Work required >> What is needed is a verbatim copy of every record below, with the pictures left out.

Raw data >>
◆ ◆ ◆
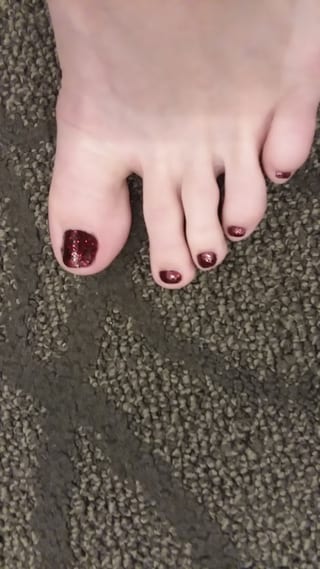 L a Nails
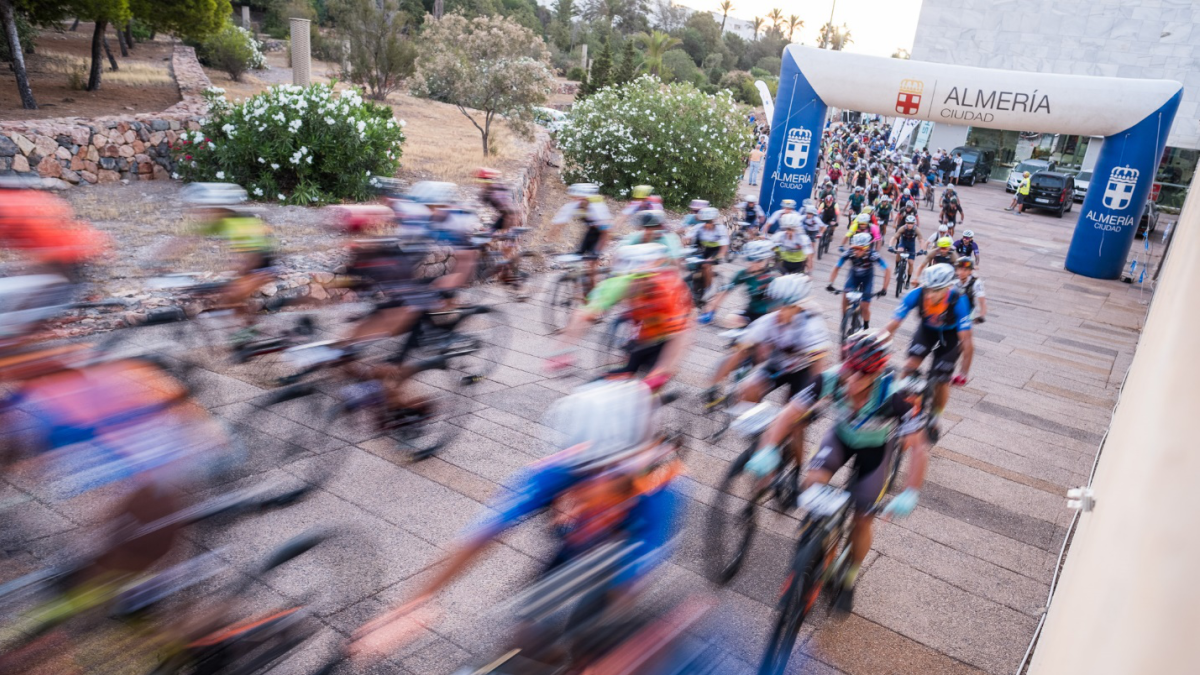 La Titan Desert circulando por la provincia el año pasado.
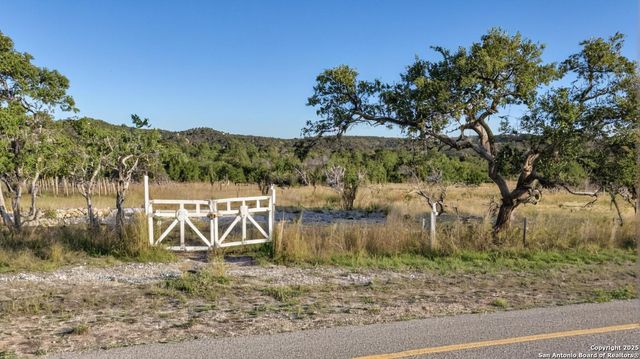5865 Fm 1863, Bulverde, TX 78163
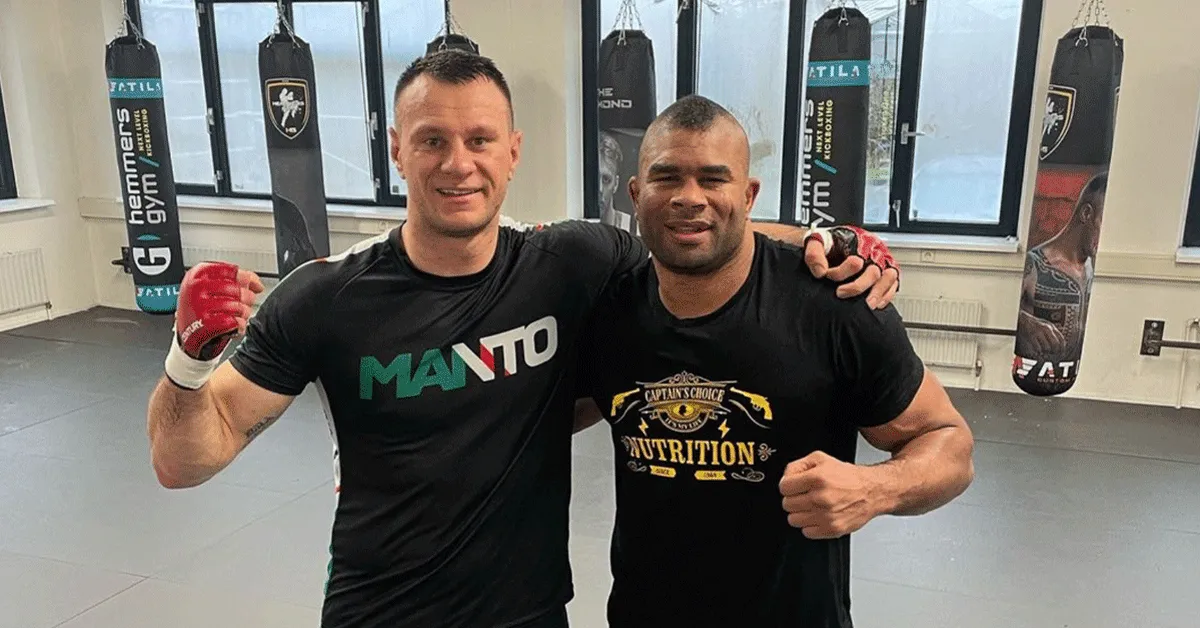 VECHT ANWB! Alistair Overeem helpt Arek Wrzosek een handje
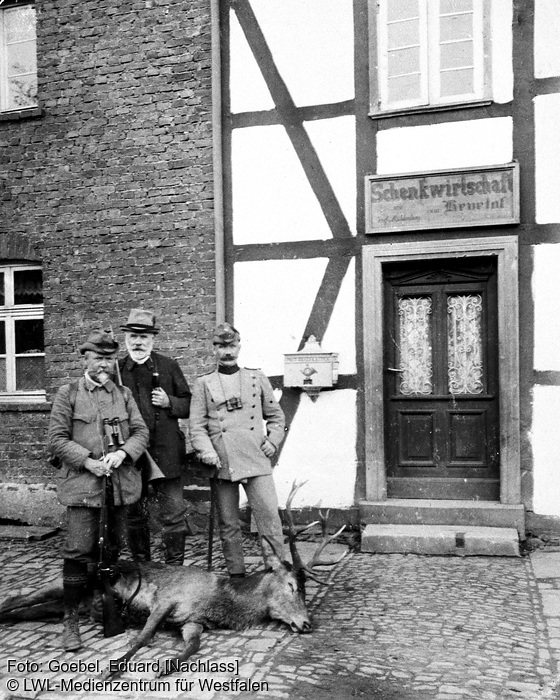 Jagdglück: Großvater Goebel (Mitte), Jagdgenossen Revierförster Padberg und Adolf Bahne mit Beute "Hirsch Nr. 15" vor dem Gasthof Mühlenberg in Möhnesee-Neuhaus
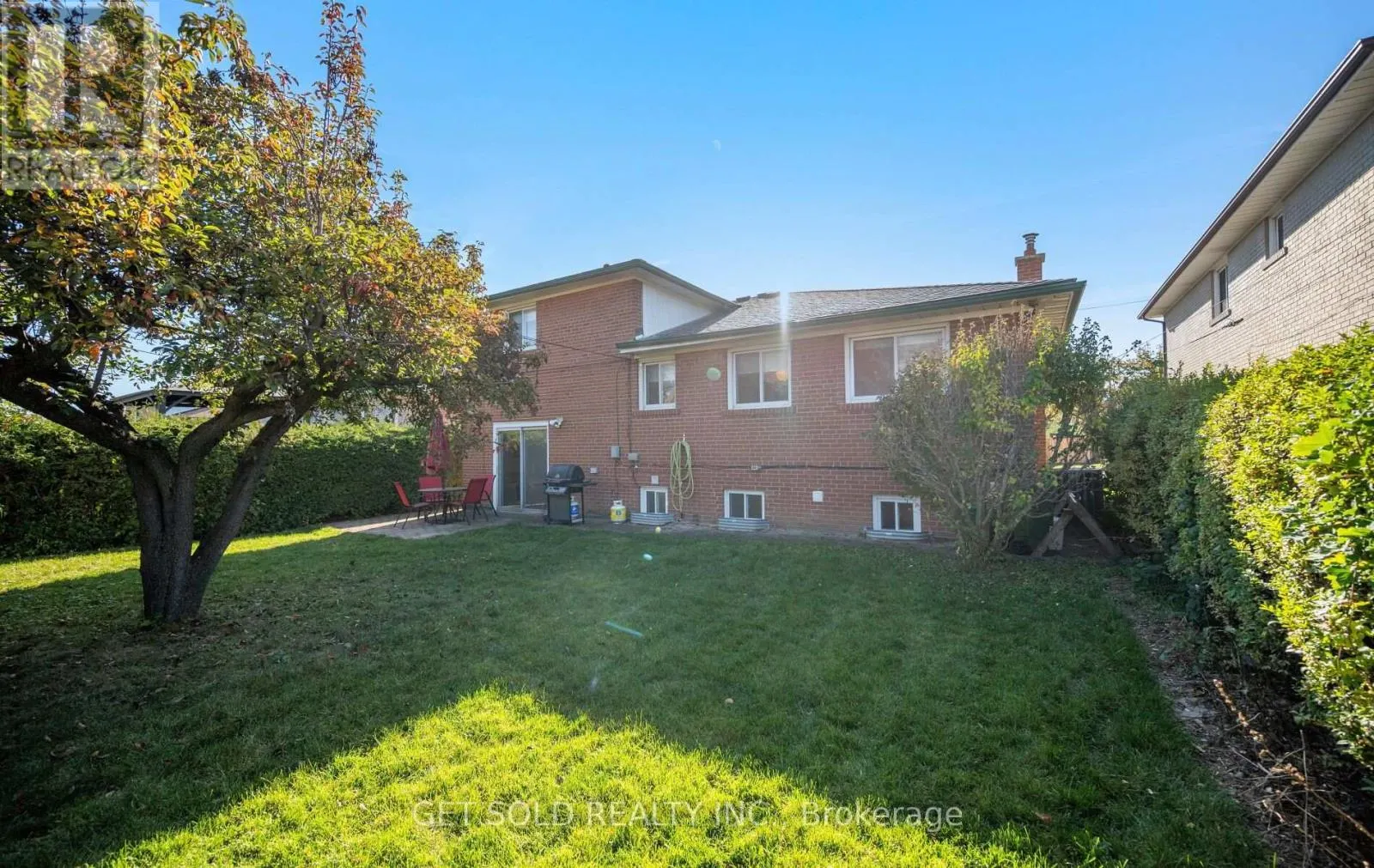 6 MARCEL ROAD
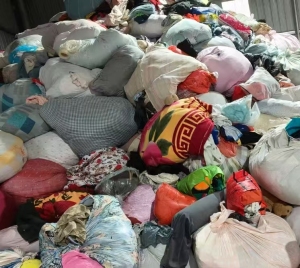 长期出售旧衣服黑料，旧衣服下脚料，燃烧料，现货有9.6米一车，货在湖南常德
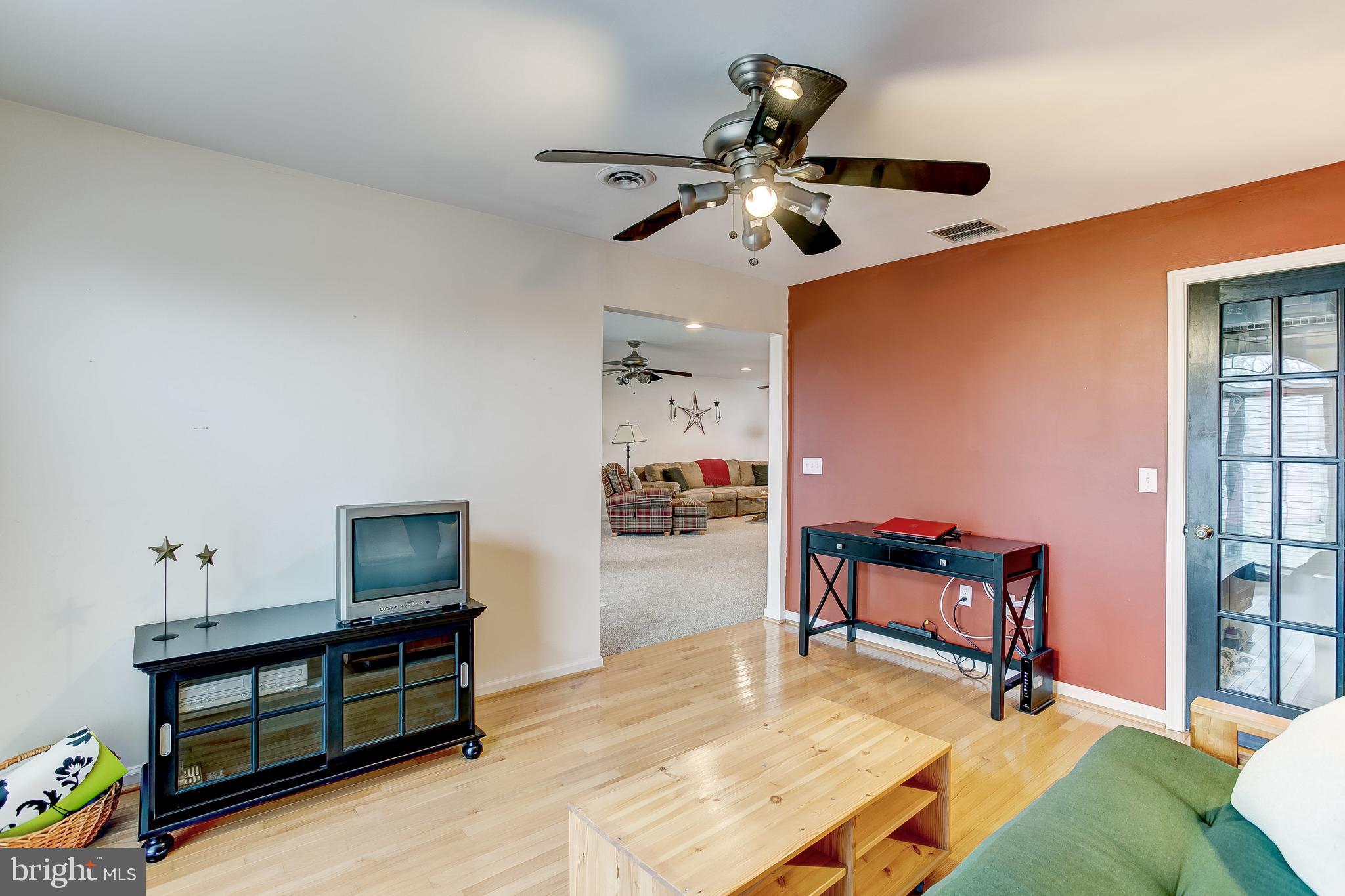 CHESAPEAKE TERRACE - Residential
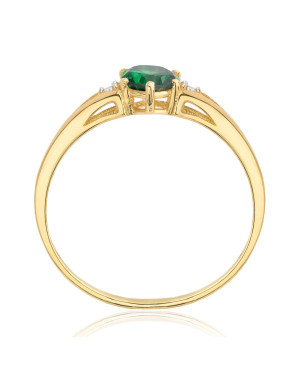 Ring with green eye 8k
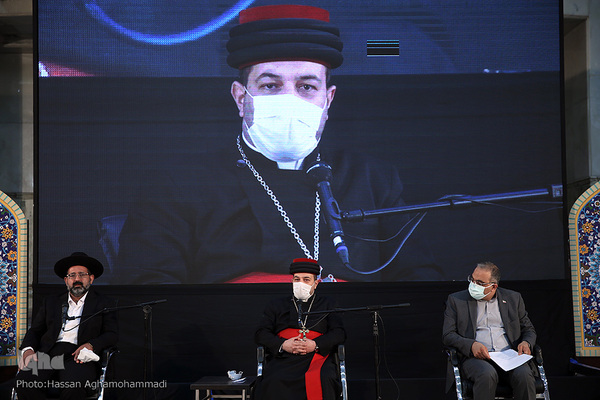 سمینار بین‌المللی «امام خمینی(ره) و دنیای معاصر» در حرم مطهر بنیانگذار جمهوری اسلامی ایران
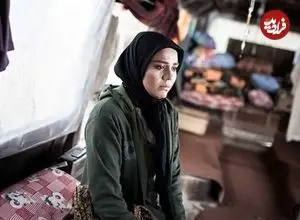 عکس| سفر زمان؛ بازیگر نقش «باران» در حال امضای پوستر سریال «آوای باران» در یک مراسم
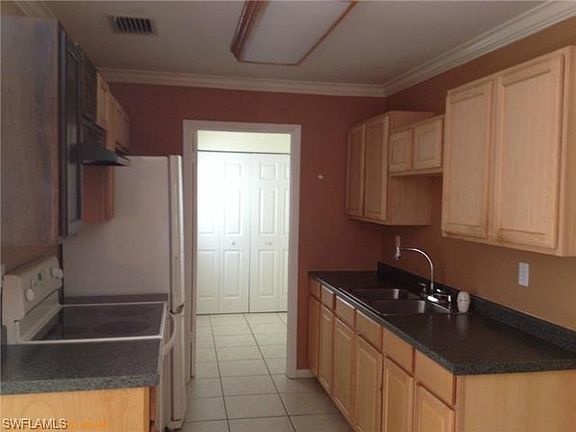4th image of 3416 Caloosa St
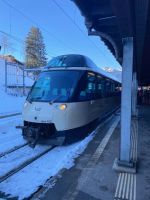 MOB Ast 152, ein eleganter Zug mit Panoramablick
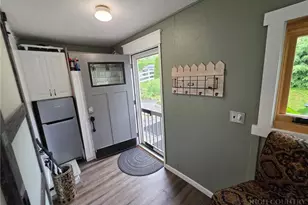 490 and 494 Cranberry St, Newland, NC 28657 - Photo 9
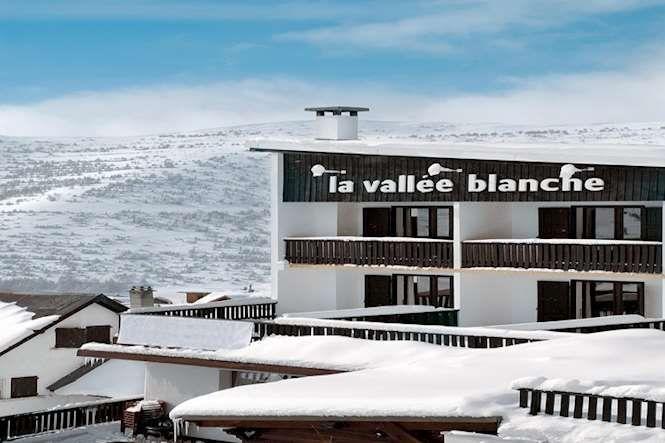 Vista del hotel Vallée Blanche, en invierno, ubicado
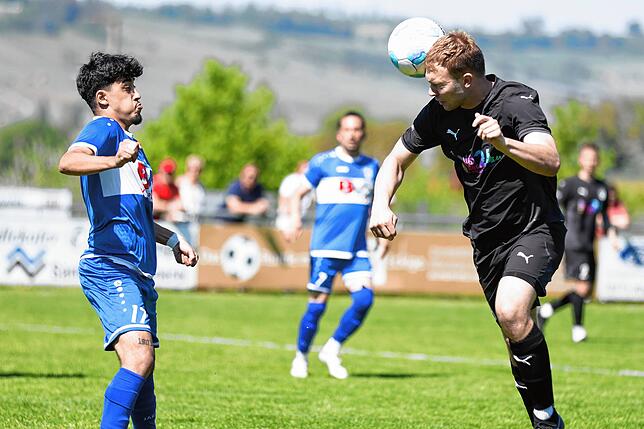 Bild 10: FC Erzingen unterliegt dem FC Wittlingen vor 500 Zuschauern mit 0:2 – und wir haben Fotos!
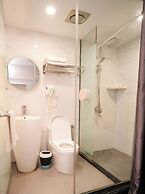 Capital O 91202 Wow Hotel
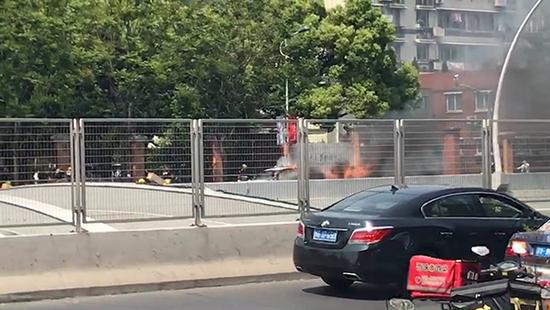 �����ֺ���·һ;�����⳵��� �ֳ�Ũ�̹���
◆ ◆ ◆
Task solution >>
 L a Nails
 La Titan Desert circulando por la provincia el año pasado.
5865 Fm 1863, Bulverde, TX 78163
 VECHT ANWB! Alistair Overeem helpt Arek Wrzosek een handje
 Jagdglück: Großvater Goebel (Mitte), Jagdgenossen Revierförster Padberg und Adolf Bahne mit Beute "Hirsch Nr. 15" vor dem Gasthof Mühlenberg in Möhnesee-Neuhaus
 6 MARCEL ROAD
 长期出售旧衣服黑料，旧衣服下脚料，燃烧料，现货有9.6米一车，货在湖南常德
 CHESAPEAKE TERRACE - Residential
 Ring with green eye 8k
 سمینار بین‌المللی «امام خمینی(ره) و دنیای معاصر» در حرم مطهر بنیانگذار جمهوری اسلامی ایران
 عکس| سفر زمان؛ بازیگر نقش «باران» در حال امضای پوستر سریال «آوای باران» در یک مراسم
4th image of 3416 Caloosa St
 MOB Ast 152, ein eleganter Zug mit Panoramablick
 490 and 494 Cranberry St, Newland, NC 28657 - Photo 9
 Vista del hotel Vallée Blanche, en invierno, ubicado
 Bild 10: FC Erzingen unterliegt dem FC Wittlingen vor 500 Zuschauern mit 0:2 – und wir haben Fotos!
 Capital O 91202 Wow Hotel
 �����ֺ���·һ;�����⳵��� �ֳ�Ũ�̹���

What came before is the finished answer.